Art.4. De Vlaamse Executieve stelt tweejaarlijks een richtnota op waarin zij haar beleid tegenover de GOM's bepaalt en de opdrachten omschrijft die in dit beleid moeten worden gesitueerd.
  De Vlaamse Executieve organiseert een overleg met de GOM's over de opstelling van de richtnota. Hierbij maken de GOM's hun voorstellen en initiatieven kenbaar.
  De richtnota bepaalt tevens de wijze waarop de coördinatie en het overleg tussen de Diensten van de Vlaamse Executieve en de GOM's geregeld wordt. Dit overleg heeft mede betrekking op de acties en initiatieven van de GOM's zoals bedoeld in dit hoofdstuk, alsmede op de resultaten ervan. De richtnota vormt een onderdeel van de sociaal-economische planning van het Vlaamse Gewest en wordt medegedeeld aan de Vlaamse Raad.
  De Vlaamse Executieve wint het advies in van de SERV over het ontwerp van richtnota.

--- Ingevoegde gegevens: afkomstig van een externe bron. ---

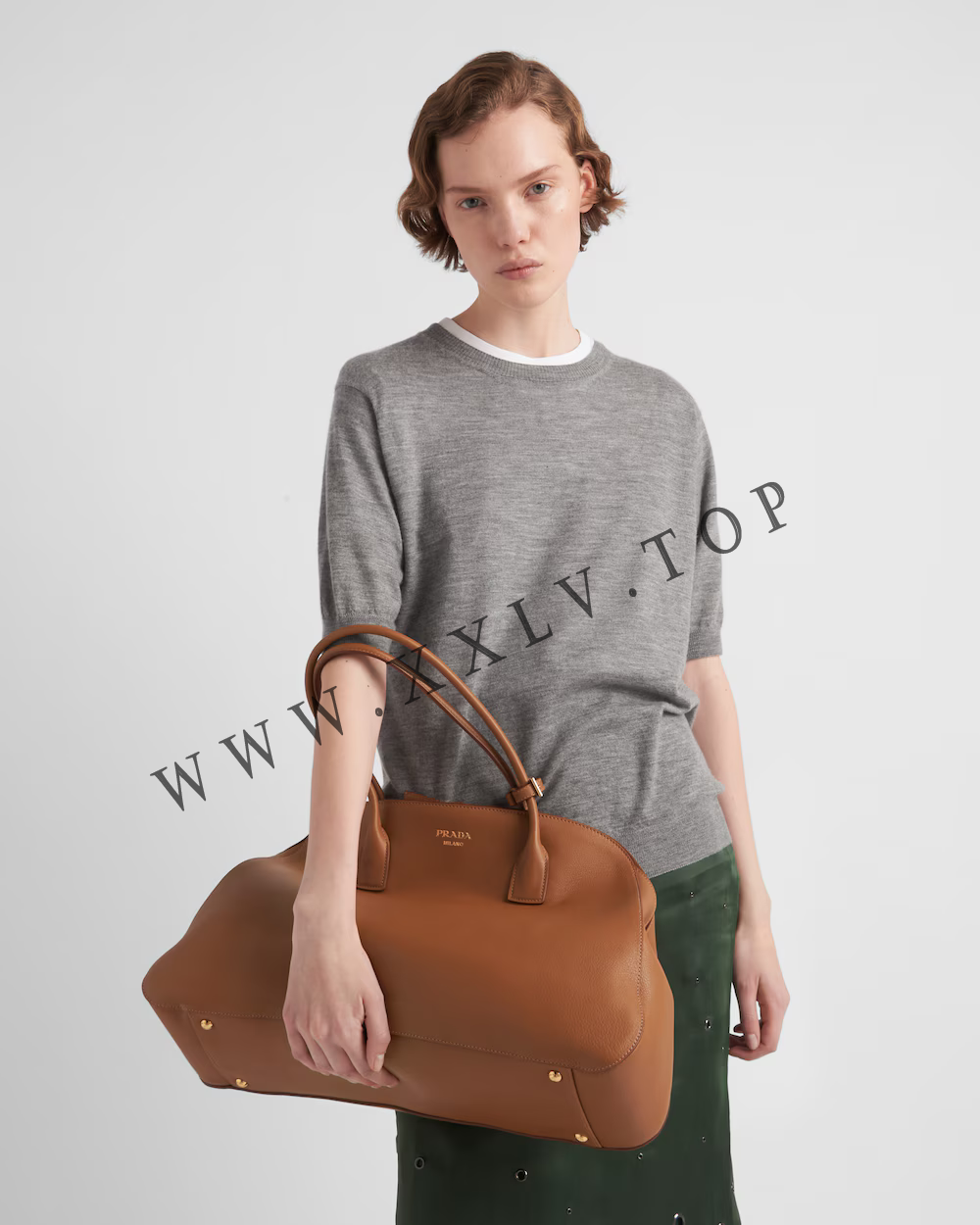 Large leather tote bag with zipper closure - Image 5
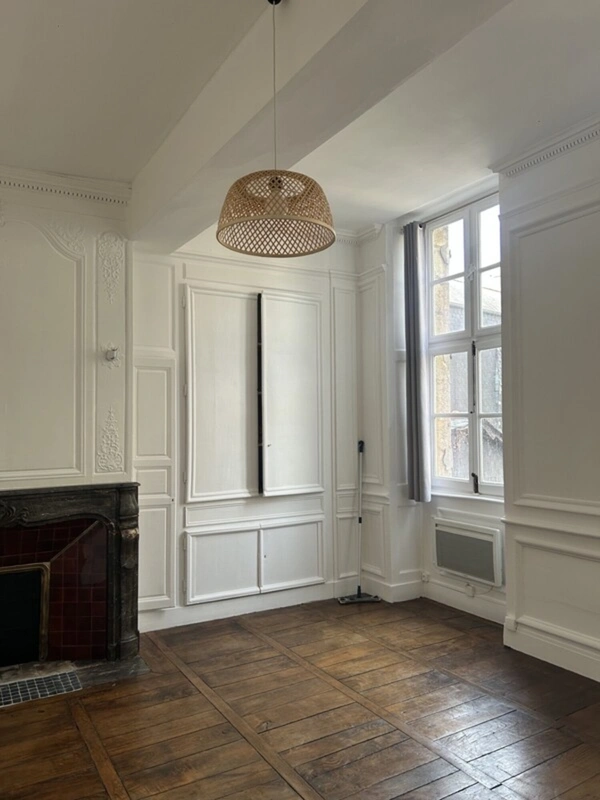 BEAU STUDIO REFAIT A NEUF DE 27M2 EN PLEIN CENTRE VILLE DE RENNES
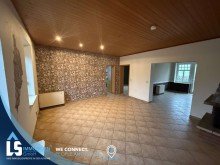 6 Doppelhaush�lfte mit gro�em Grundst�ck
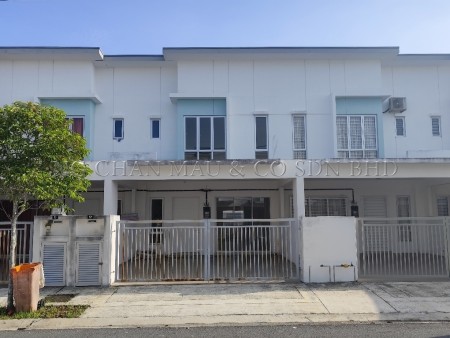 Terrace House For Auction at Taman Seri Impian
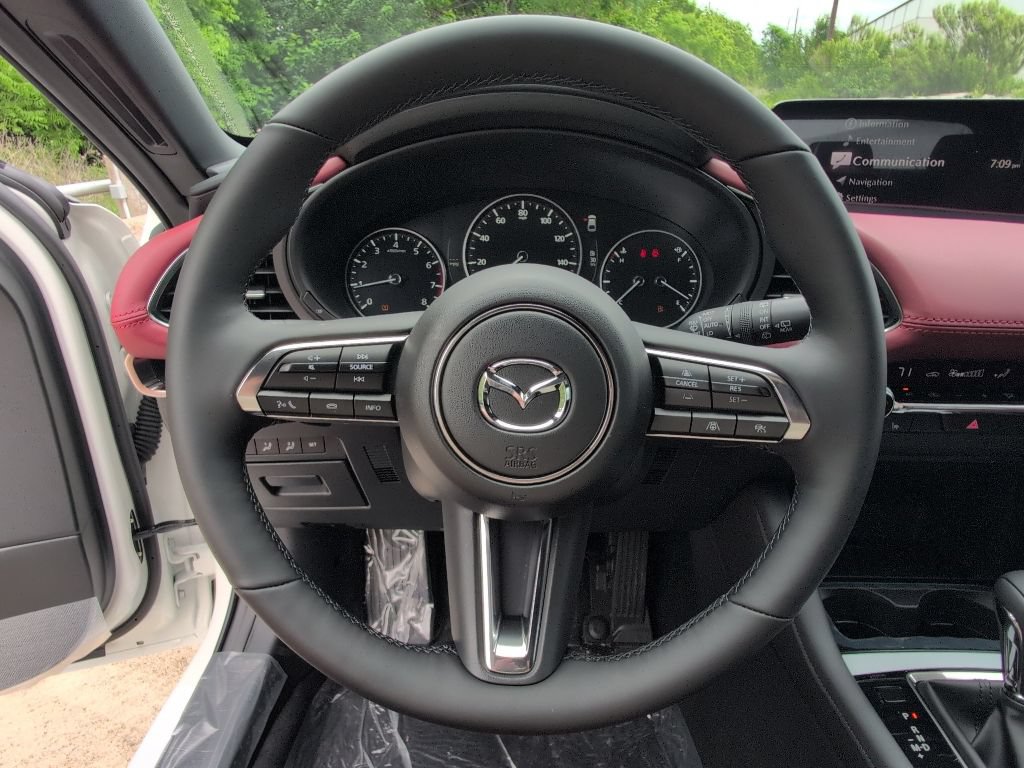 New 2026 MAZDA MAZDA3 Hatchback w/Premium Plus Pkg AWD/4WD image 17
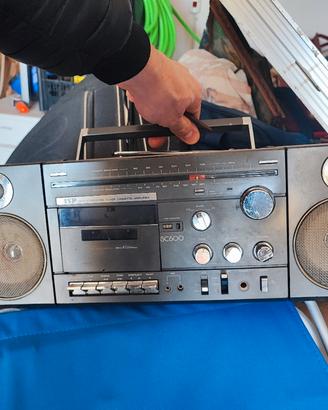 Radio stereo vintage ISP SC600 con cassette – Anni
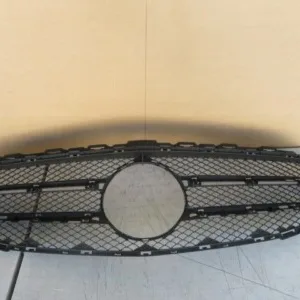 Mercedes-Benz W205 Front Grille – A2058800023 – Pre-Facelift Standard/Avantgarde Line Mercedes-Benz W205 Front Grille – A2058800023 – Pre-Facelift Standard/Avantgarde Line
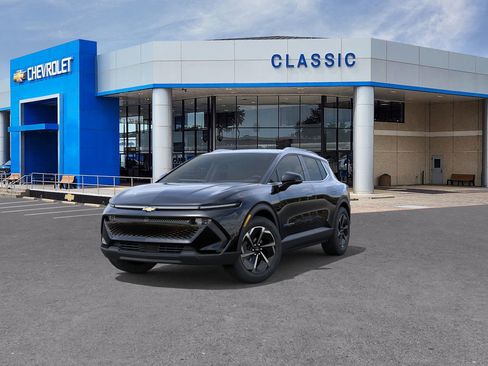 New 2026 Chevrolet Equinox EV LT image 8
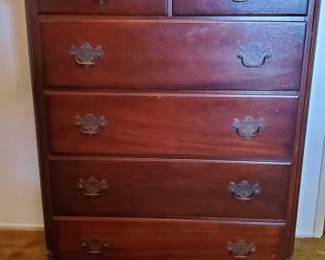 #13524 • Vintage Kling Dresser
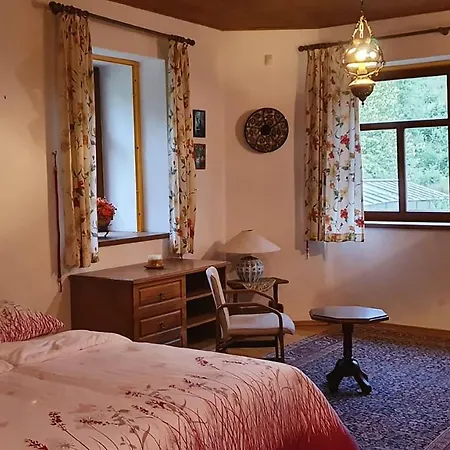 Usedlost Nouzov - Zamecky Apartman Na Samote Appartement Zasmuky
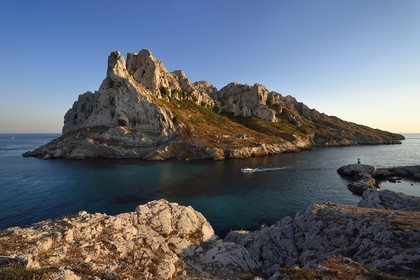 France, Bouches du Rhone, Marseille, National Park of the Calanques, Les Goudes, Passages des Croisettes, the cliffs of the Ile Maire (request for authorization necessary before publication)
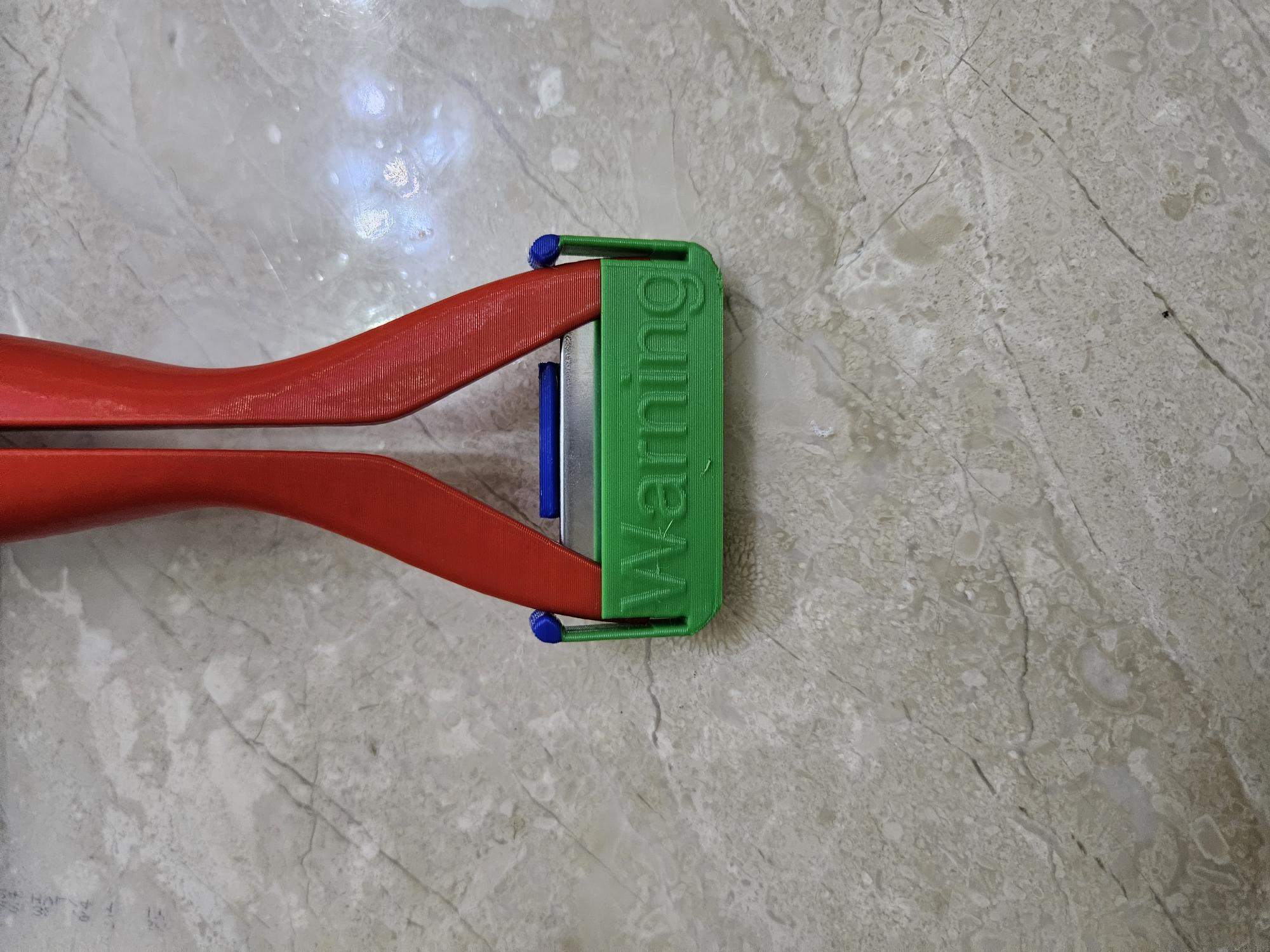 Razor Scraper and Protective Cap by Serkan ASAR | Download free STL ...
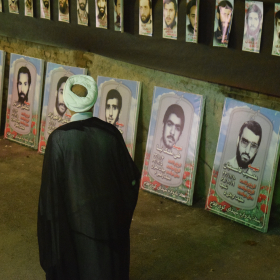 سوگواره چهارم-عکس 4-محمد مهدی شیرافکن-جلسه هیأت فضای بیرونی
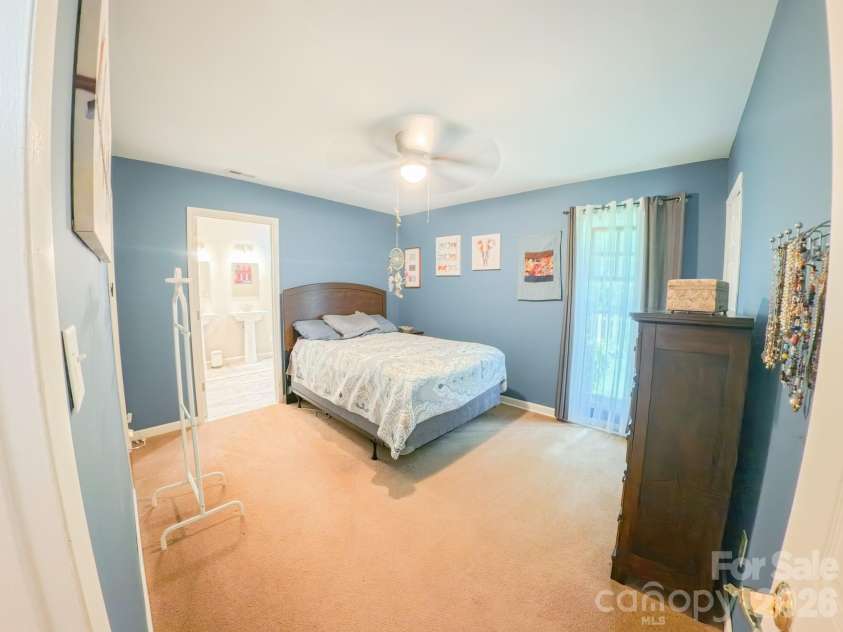 121 Wicklow Drive, Asheville, NC 28806.  MLS# CAR4407980, YatesRealty ID 43364. Primary Bedroom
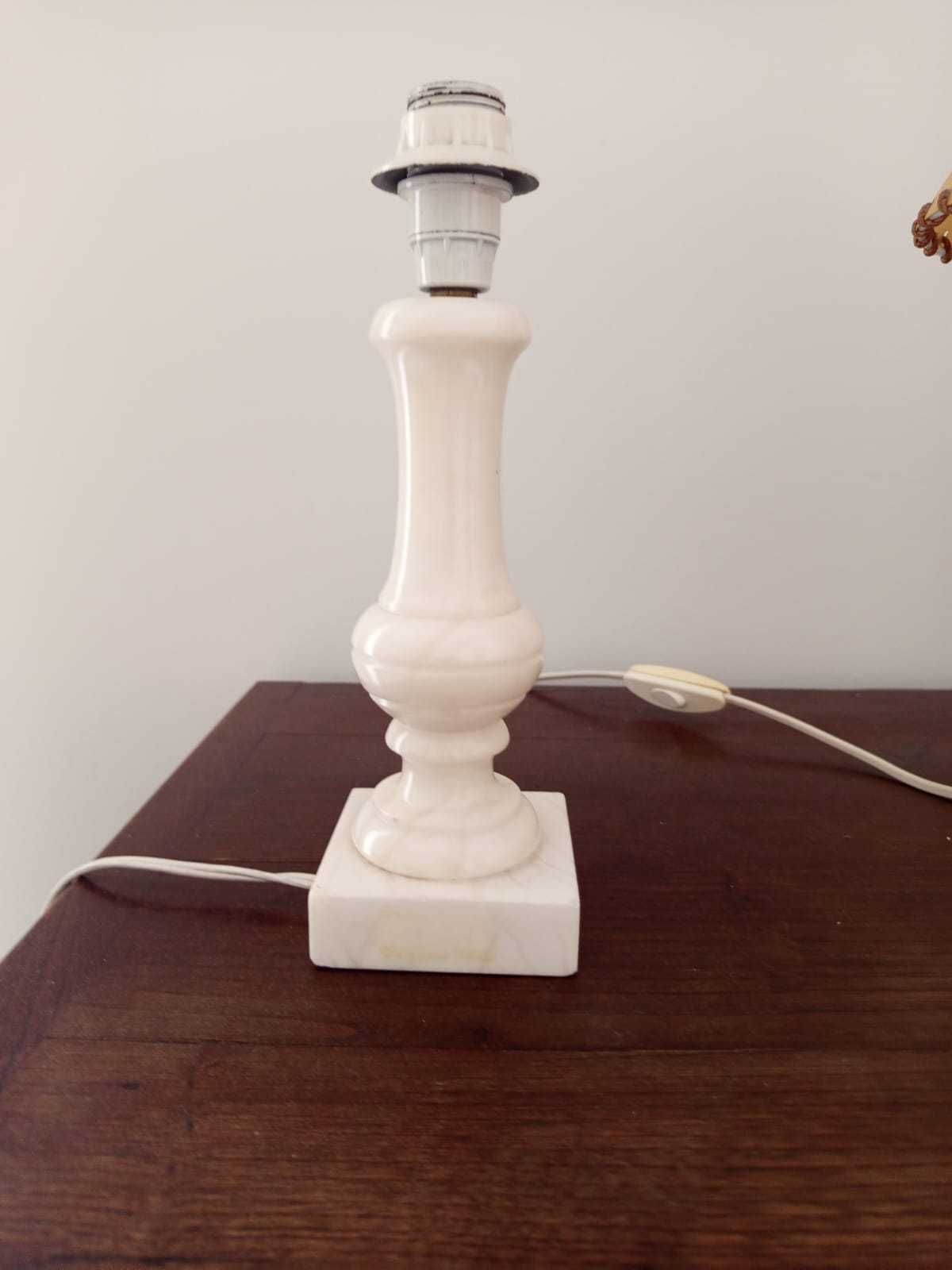 Candeeiros de Mesa de Cabeceira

Art.5. De GOM die erom wordt verzocht, brengt aan de SERV advies uit met betrekking tot aangelegenheden eigen aan haar werkgebied. Indien de aangelegenheid verder reikt dan het werkgebied van één GOM, kan de SERV alle betrokken GOM's vragen dit advies gemeenschappelijk op te stellen.
  Omgekeerd kunnen de GOM's, na onderling overleg, aan de SERV vragen een advies uit te brengen bij de Vlaamse Executieve over een aangelegenheid die hun individueel werkgebied overschrijdt.

Art.6. De GOM's kunnen op last en op kosten van de Vlaamse Executieve, eventueel van de provincie of van de gemeenten, alle onteigeningen, alle werken en alle andere openbare opdrachten van technische aard uitvoeren of laten uitvoeren.
  Zij kunnen eveneens op eigen initiatief en met eigen middelen elk onroerend goed onteigenen, uitrusten, verhuren en verkopen met het oog op de sociaal-economische ontwikkeling van hun werkgebied.
  Geen onteigening kan geschieden dan met voorafgaande machtiging van de Vlaamse Executieve.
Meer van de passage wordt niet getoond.